Let's go ahead and execute the cell below.

* To run a cell, you can click the play button in the toolbar, or press shift+Enter on the keyboard.

* To stop an executing cell, click the square button in the tool bar. 

Try executing the cell below. It will keep running until you hit the stop button. Notice that there is a delay in stopping. The cell will not stop until the sleep has finished. 

In [None]:
import time
while True:
    print 'Going to sleep... Click the Stop button to exit this loop.'
    time.sleep(5)

Note: The KeyboardInterrupt Exception is a result of you terminating the cell. When you see a message like that, it is often a Python exception. Ignore the traceback, and look at the bottom of the message for information about what caused the error. If you don't understand the error message, searching Google for that exact error message will often lead you to understanding what went wrong.

Great, so far so good! Next, let's add a new cell. You will often want to add a cell in the notebook to try out executing some function or explore the data. To add a cell, click on insert in the toolbar, and select add cell below. In the cell that you create, go ahead create a test DataFrame for us to play with. Copy the following code into the cell you create and run the cell.

    import pandas as pd
    df = pd.DataFrame(zip(range(10), range(0,20,2)), columns=['X','Y'])
    df['Z'] = 5


Often  you don't want the entire dataframe to display. To show only the first 5 rows use
        
        df.head()
        
go ahead and try that in the cell below. The output should show only the first 5 rows.

In [None]:
df.head()

Next, let's perform some visualization of the dataframe. Below are some examples of a few different plots that would potentially be interesting to look at. You can reference these in the future when you are making visualizations yourself.

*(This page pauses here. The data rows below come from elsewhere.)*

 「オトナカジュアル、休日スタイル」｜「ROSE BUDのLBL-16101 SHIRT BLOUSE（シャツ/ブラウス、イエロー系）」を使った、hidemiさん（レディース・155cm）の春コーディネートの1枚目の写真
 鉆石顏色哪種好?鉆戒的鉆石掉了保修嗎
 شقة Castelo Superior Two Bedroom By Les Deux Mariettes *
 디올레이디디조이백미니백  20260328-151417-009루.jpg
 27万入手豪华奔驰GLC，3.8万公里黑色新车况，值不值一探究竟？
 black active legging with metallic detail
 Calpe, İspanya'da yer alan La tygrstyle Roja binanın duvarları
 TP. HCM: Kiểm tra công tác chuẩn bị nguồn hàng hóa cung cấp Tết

Note: The %matplotlib inline command is a Jupyter quirk that allows plots to be shown inline. It only needs to be executed once in the pipeline and plots will always be shown afterwards. The figsize argument is not necessary, but makes plot visualization much easier. 

In [None]:
%matplotlib inline
df.plot(figsize=(12,6))

In [None]:
df.plot(x='Y', y='X',figsize=(12,6))

In [None]:
df['X'].plot(figsize=(12,6))

Another useful DataFrame function is the .unique() option and the .describe() option.

In [None]:
print df['X'].unique()
print df['Z'].unique()

In [None]:
df.describe()

That's all for the basic introduction. If you have questions about pandas data frames, there is excellent documentation online for doing all sorts of data manipulation see: http://pandas.pydata.org/pandas-docs/stable/dsintro.html

For more information about IPython notebook you can click the Help button up top.

### Setting Proxy

If you require a proxy to access the internet, you will need to set this here in order to access our servers. See you IT department for more information. 

In [1]:
import os
#os.environ['http_proxy'] = ''
#os.environ['https_proxy'] = ''

# Getting started with Knowledge Builder

In this Tutorial we are going to walk you through setting up the KnowledgeBuilder Data Science Kit, selecting data, and building a pipeline. The data you are going to use was collected from multiple subjects wearing a device with 6 sensors (Accelerometer x,y,z and Gyroscope x,y,z) and formatted using the Data Capture Lab. The goal is to build a model that is able to classify what type of activity the subjects were performing. By the end of this tutorial you should be able to query data, transform data streams into  a feature vector, train a model, and understand the quality of the model, as well as making sure the pipeline you have built will run on the hardware device. 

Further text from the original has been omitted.